Use of atomic weaponry is not a war crime. So in, in the spring of 46 the transfer of B-29s and other resources should have been initiated. The bombs (26 it is claimed) should have been readied, and the mobilization of 300 divisions begun. Stalin,a ruthless but cautious opportunist would have backed down and found a way to accommodate Western demands; in fact, he did so in Iran when the western allies forcefully demanded the withdrawal of Soviet troops.
If my stridency is misleading, let me directly state: I am not saying the allies should have started WWIII with the Russians. But I am saying that the Soviets would have deserved it and that they would have backed down. I am also saying that if WWIII happened, a very costly and bloody war would have ensued with the allies as the final victor.
And part of that would have been dropping the A-bomb on Leningrad, Moscow, Smolensk, the Russian Caucuses oil fields, major airbases in Eastern Europe, etc., to be followed up by an invasion of 300 American and (some number) of UK divisions, and further atomic attacks deep behind enemy lines.
We already knew the Soviets considered the Baltic states as vassals. That was a pre-Hitler development.

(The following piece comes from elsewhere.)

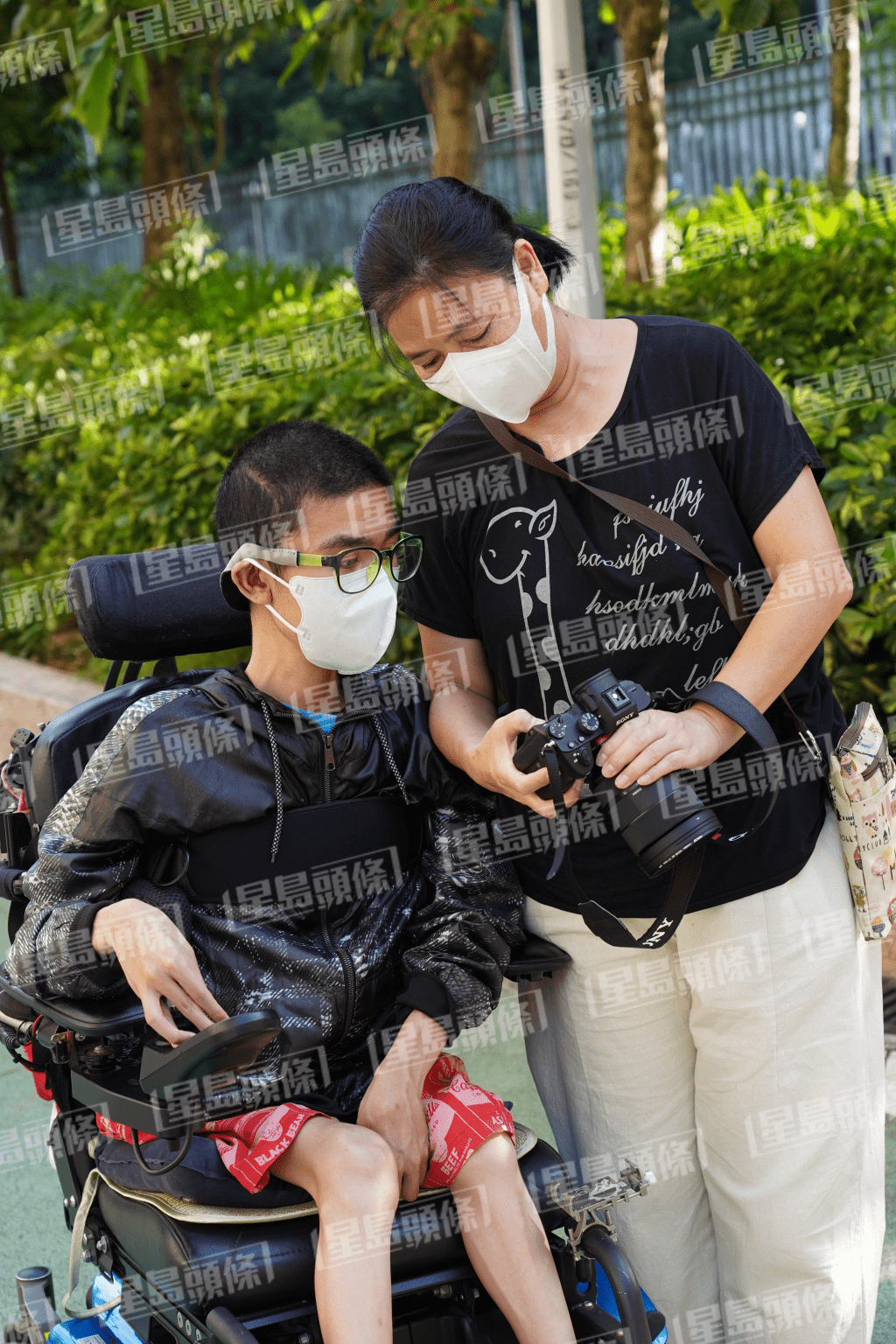 媽媽直言以前較散懶,但後來因Tiger而改變。(葉偉豪攝)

That's an arguable point. The Soviets did liberate those states from various fascist states. The system they implemented was also quite oppressive, but it's hard to argue we should have gone to war to keep the people who kicked the Nazis out of the area from setting up their own puppet states.
Considering how many people consider the use of atomic weaponry on a nation we were, you know, at war with to be a war crime....it'd be a safe bet that using them on our allies(which the USSR still was---for a couple more years post war, anyway) would be considered despicable.
The public in the West would not have stood for that. You'd have riots in the street. People were sick of fighting. Europe was in ruins. Rebuilding was considered the number one priority. A handful of people suggested what you are proposing and they were overwhelmingly shouted down.
Stalin would not have abandoned what he considered were his---and Russia's---spoils, the payoff after years of brutal fighting. He was not going to back down. Iran is an entirely different story than Eastern Europe; Stalin was always going to prioritize the latter. Iran is a sideshow, and largely irrelevant.
I highly doubt it. It is highly unlikely we could have "won" a conventional war in 1945, and a nuclear conflict would have just lead to more trouble down the line. Remember, the atomic program and sciences were heavily infiltrated by communist sympathizers, as were the intelligence services. Even if by some miracle we did "win" a nuclear WW3, how long until our own cities start getting hit?
Once again, there's no way on earth the public in 1945 would have stood for that. Hell, the feasibility is shaky at best. The idea that the USAAF could launch such strikes at will is a stretch. Russia is not Germany or Japan, where their air forces had largely been annihilated by 1945. The Red Air Force, like the Red Army, was battle hardened against some of the best teachers on earth. Localized air superiority is no biggie, but once you start talking about nuking Leningrad.....that's a whole another ballgame.